Definitive guide to peeling 11 of the trickiest foods - bookofjoe
https://www.theguardian.com/food/2019/jul/04/garlic-pineapple-pomegranates-the-definitive-guide-to-peeling-11-of-the-trickiest-foods
======
DanBC
The garlic peeling hack was horrific and involved pushing a blade into your
hand.

[https://twitter.com/VPestilenZ/status/1140437217619390465](https://twitter.com/VPestilenZ/status/1140437217619390465)

I'm glad the article mentions the danger.

> But that didn’t stop her from stubbornly trying – and failing – to peel a
> bulb the way the woman in the garlic video did. In fact, it landed her in
> the emergency room, getting five stitches in her middle finger.
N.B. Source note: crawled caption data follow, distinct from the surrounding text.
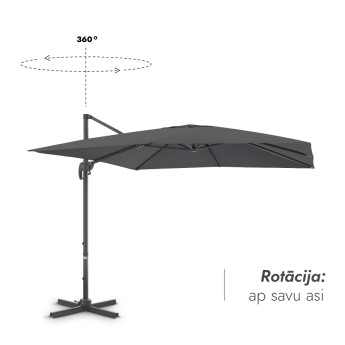 Saulessargs ar atsvara paliktni Solid Comfort Antracīta krāsā Saulessargs ar atsvara paliktni Solid Comfort Antracīta krāsā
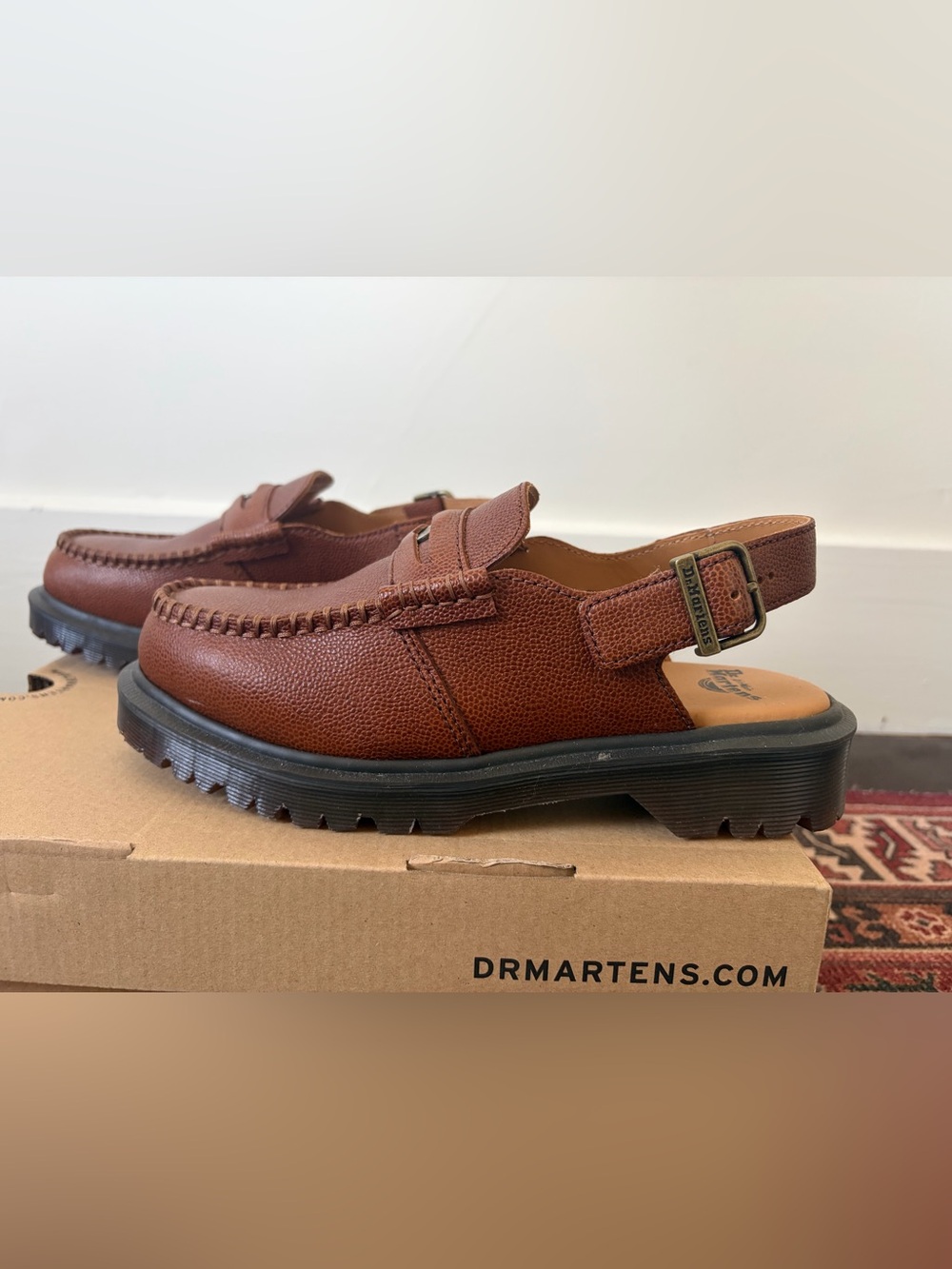 Dr. Martens Women's Brown Slingback Lug Loafer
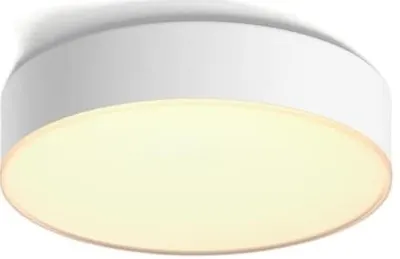 Plafonier LED Philips - Hue Enrave, S, IP20, 9.6W, dimmer, alb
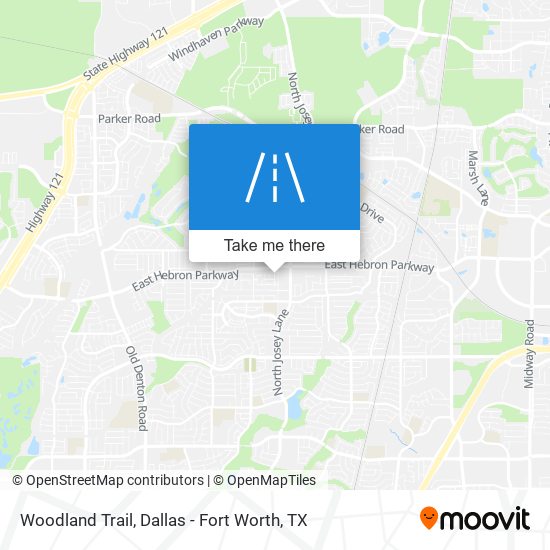 Woodland Trail map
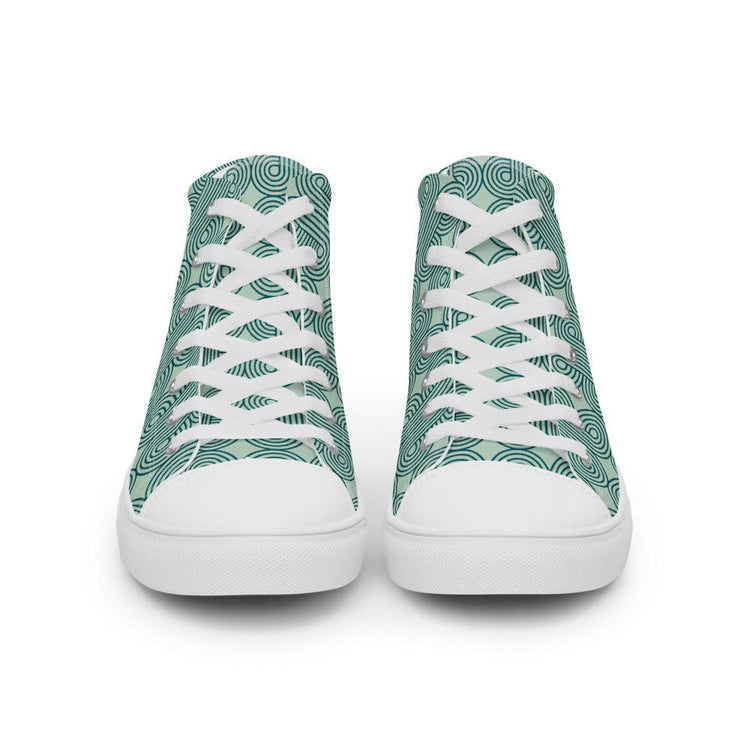 Highway Spaghetti Bowl Women’s High Top Canvas Shoes - MessyBunFun - Your Destination for Stylish Unisex Clothing, Tops and bottoms - MessyBunFun.com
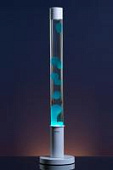 Напольная Лава лампа Amperia Falcon Бирюзовая/Прозрачная (76 см)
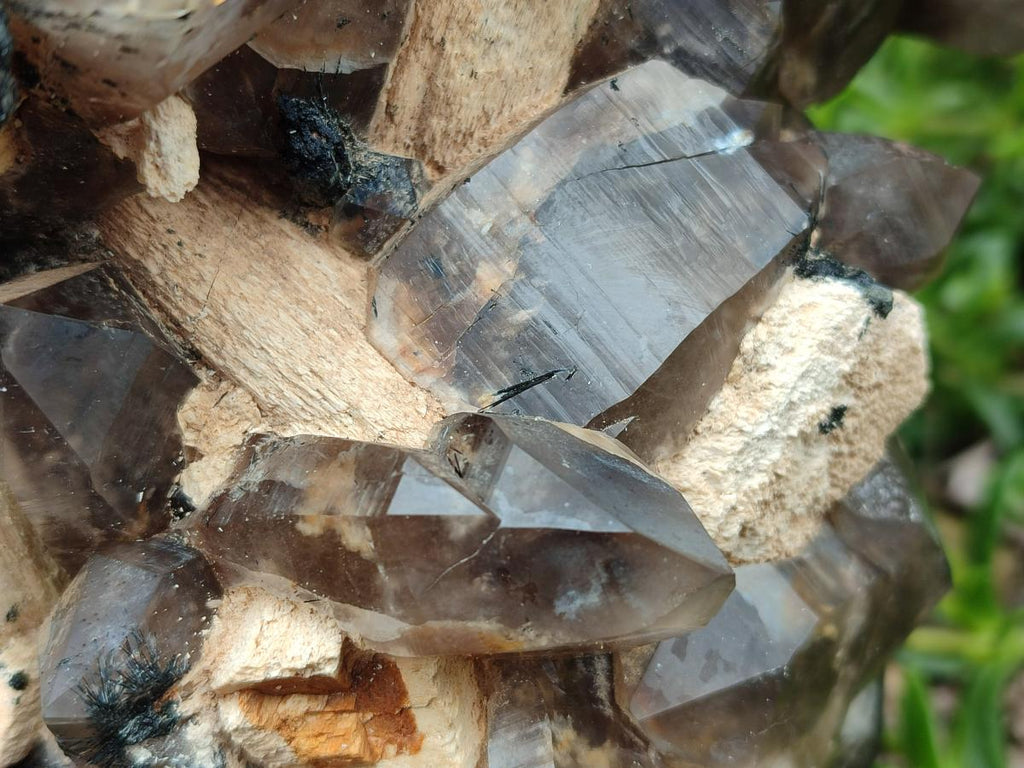 Natural XL Smokey Quartz Specimen with Associated Minerals x 1 From Erongo, Namibia - Toprock Gemstones and Minerals 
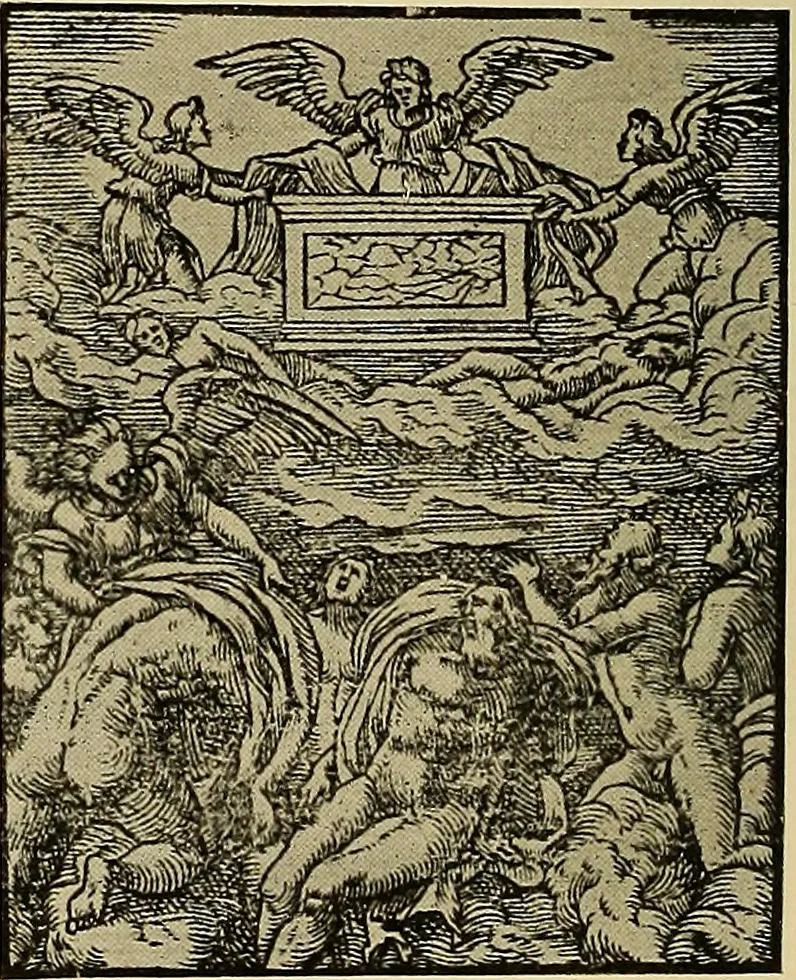 An illustration from L'art religieux de la fin du moyen âge en France; étude sur l'iconographie du moyen âge et sur ses sources d'inspiration;, 1908, leaf 513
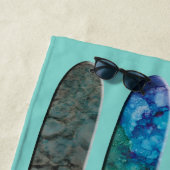 ビーチタオルサーフボード入り砂 ビーチタオル (インサイチュ)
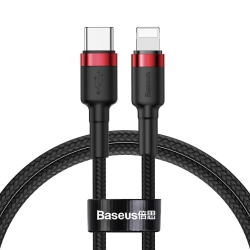 Baseus kabel Cafule PD USB-C - Lightning 1,0 m czerwono-czarny 18W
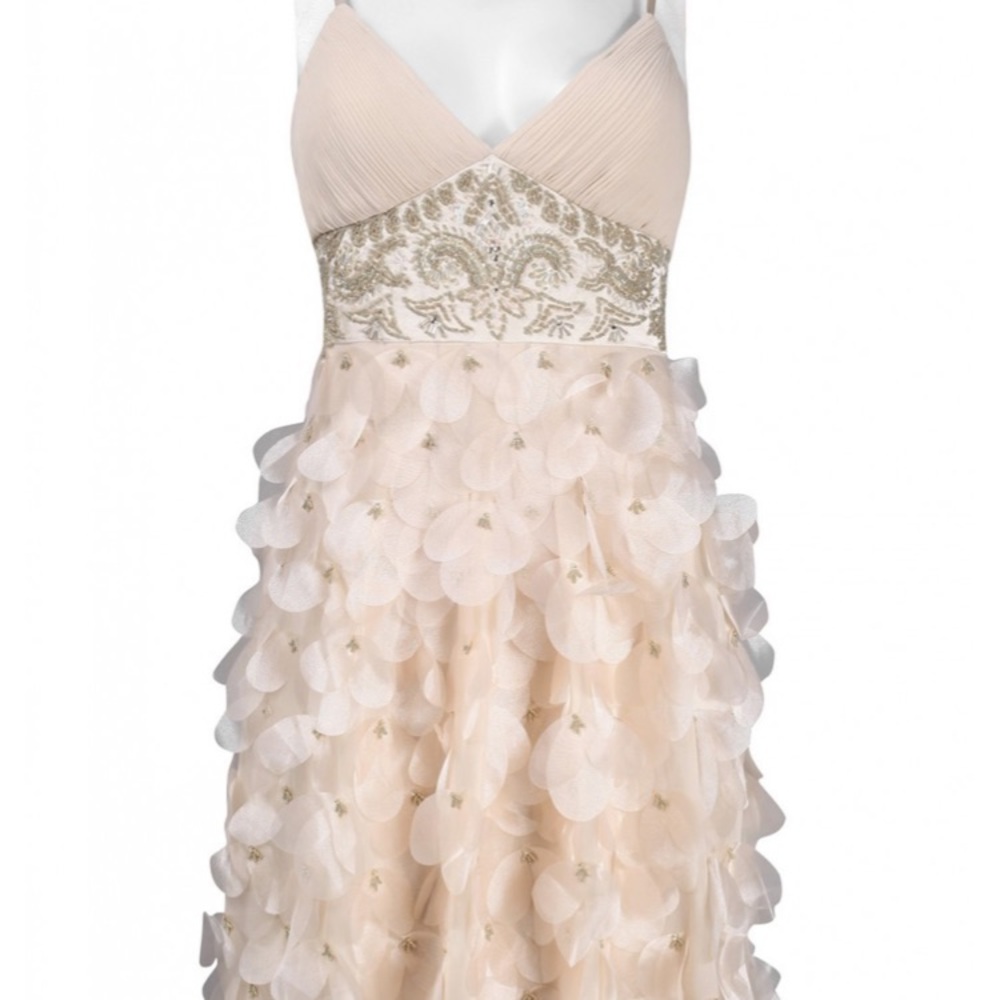 Sue Wong Embellished Petal Dress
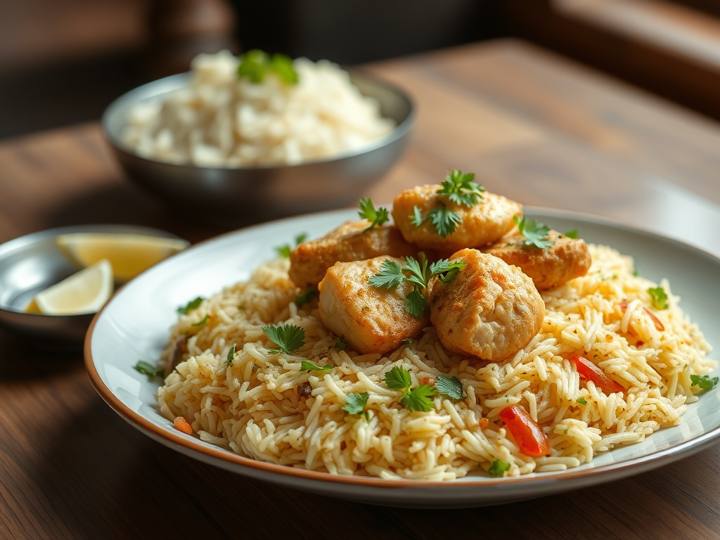 Quick Malabar Fish Biryani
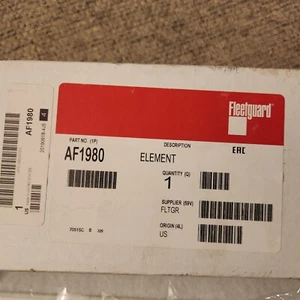 AF1980 Fleetguard Air Filter Element - Bild 1 von 3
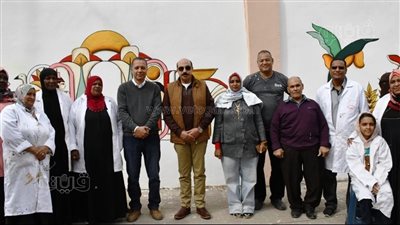 محافظ أسوان يتفقد مشروع الهوية البصرية |صور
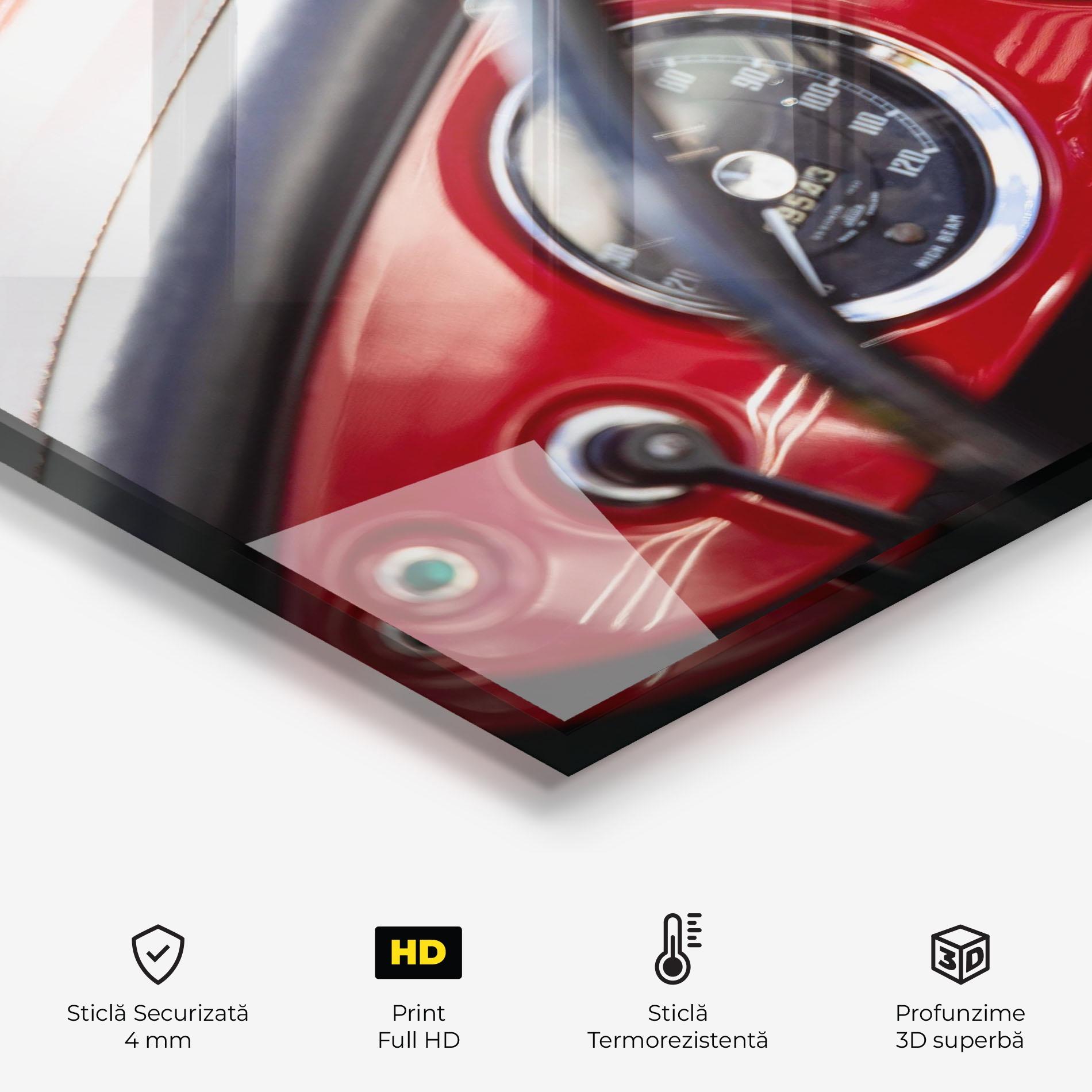 Panou Sticla Bucatarie Classic Black Wheel mockup 2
So, perhaps
> Bachkarova-Lord’s method isn’t the right way?

Another example is "avocado hand":
[https://www.theguardian.com/lifeandstyle/shortcuts/2017/may/...](https://www.theguardian.com/lifeandstyle/shortcuts/2017/may/10/avocado-
hand-why-the-fruit-has-become-a-health-hazard)

[https://www.cbsnews.com/news/avocado-hand-injuries-on-the-
ri...](https://www.cbsnews.com/news/avocado-hand-injuries-on-the-rise/)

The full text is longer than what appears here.